**DATASET EXTRACT:**
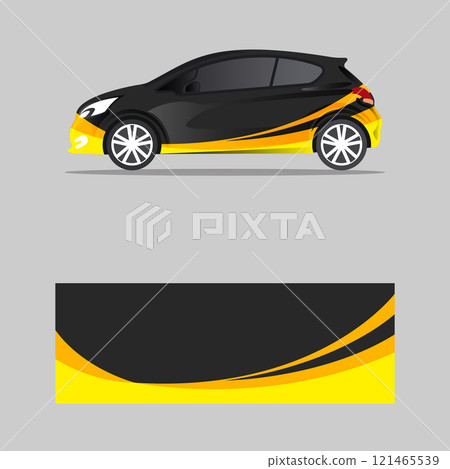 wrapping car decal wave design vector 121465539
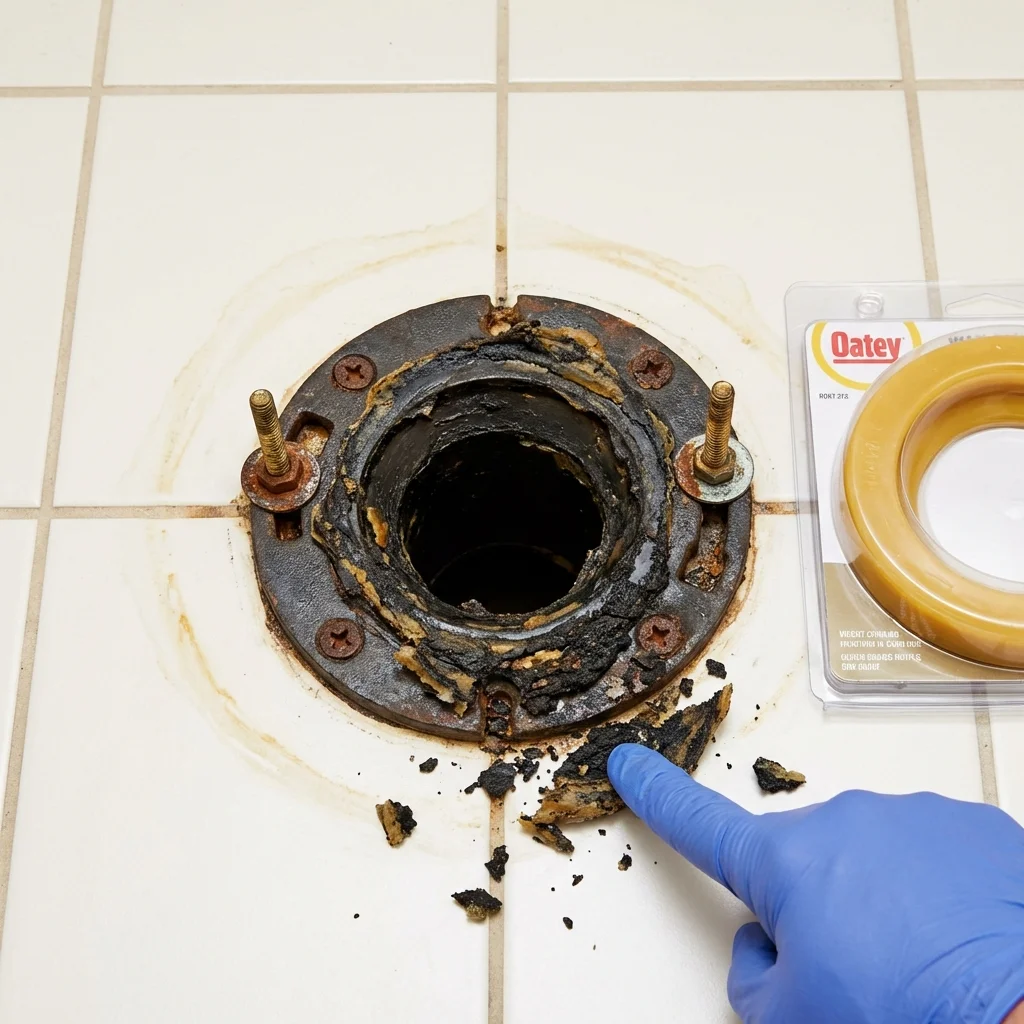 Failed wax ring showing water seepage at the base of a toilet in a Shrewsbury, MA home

---

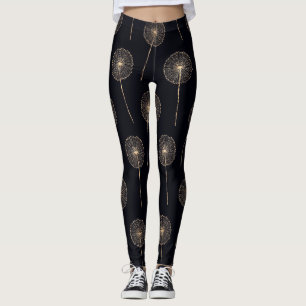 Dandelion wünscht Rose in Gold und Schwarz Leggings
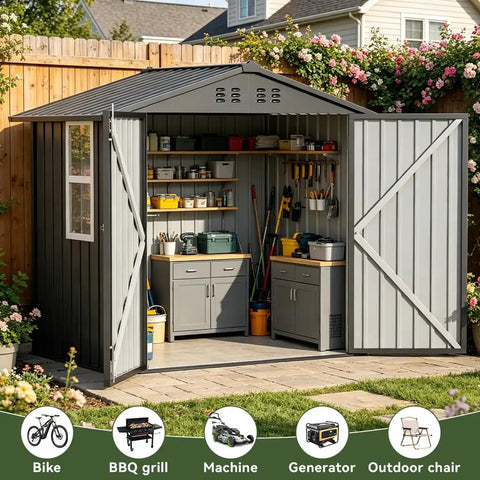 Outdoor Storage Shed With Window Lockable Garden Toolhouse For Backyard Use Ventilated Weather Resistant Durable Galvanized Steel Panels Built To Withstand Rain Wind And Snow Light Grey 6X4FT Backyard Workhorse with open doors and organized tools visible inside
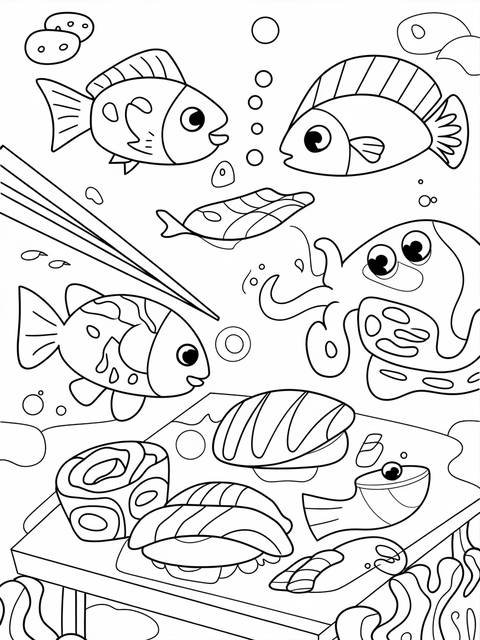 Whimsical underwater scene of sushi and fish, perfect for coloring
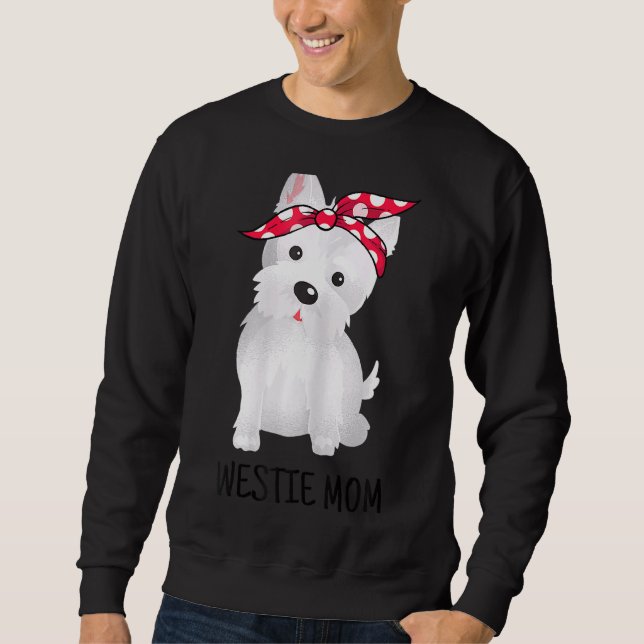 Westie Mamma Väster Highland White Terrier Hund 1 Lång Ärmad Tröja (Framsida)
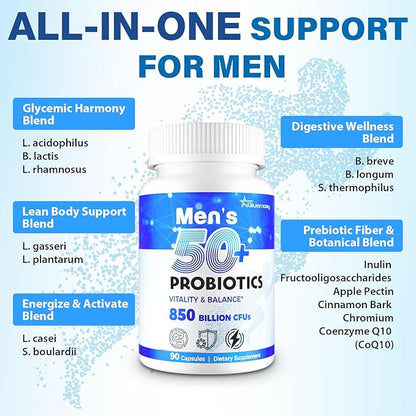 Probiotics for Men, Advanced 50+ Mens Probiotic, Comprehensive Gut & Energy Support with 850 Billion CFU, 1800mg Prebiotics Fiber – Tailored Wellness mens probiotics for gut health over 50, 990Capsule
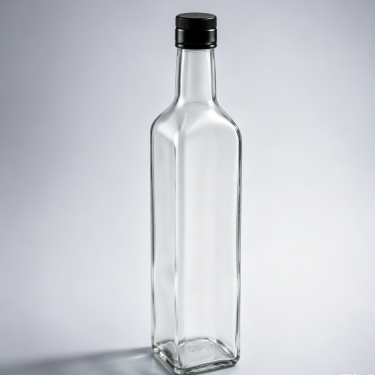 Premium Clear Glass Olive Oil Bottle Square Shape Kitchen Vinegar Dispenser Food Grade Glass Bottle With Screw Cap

---

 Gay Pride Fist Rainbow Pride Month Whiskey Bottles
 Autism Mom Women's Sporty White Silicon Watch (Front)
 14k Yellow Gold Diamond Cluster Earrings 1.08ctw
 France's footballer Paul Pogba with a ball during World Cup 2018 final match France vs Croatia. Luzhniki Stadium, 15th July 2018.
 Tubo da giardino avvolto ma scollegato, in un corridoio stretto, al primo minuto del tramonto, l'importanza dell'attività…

**WHAT YOU NEED TO DO:**
Set down again, word for word, every line from the one with "Westie Mamma Väster" to the one with "Probiotics for Men, Advanced" in the entries above, and omit the pictures.

**RESPONSE:**
 Westie Mamma Väster Highland White Terrier Hund 1 Lång Ärmad Tröja (Framsida)
 Probiotics for Men, Advanced 50+ Mens Probiotic, Comprehensive Gut & Energy Support with 850 Billion CFU, 1800mg Prebiotics Fiber – Tailored Wellness mens probiotics for gut health over 50, 990Capsule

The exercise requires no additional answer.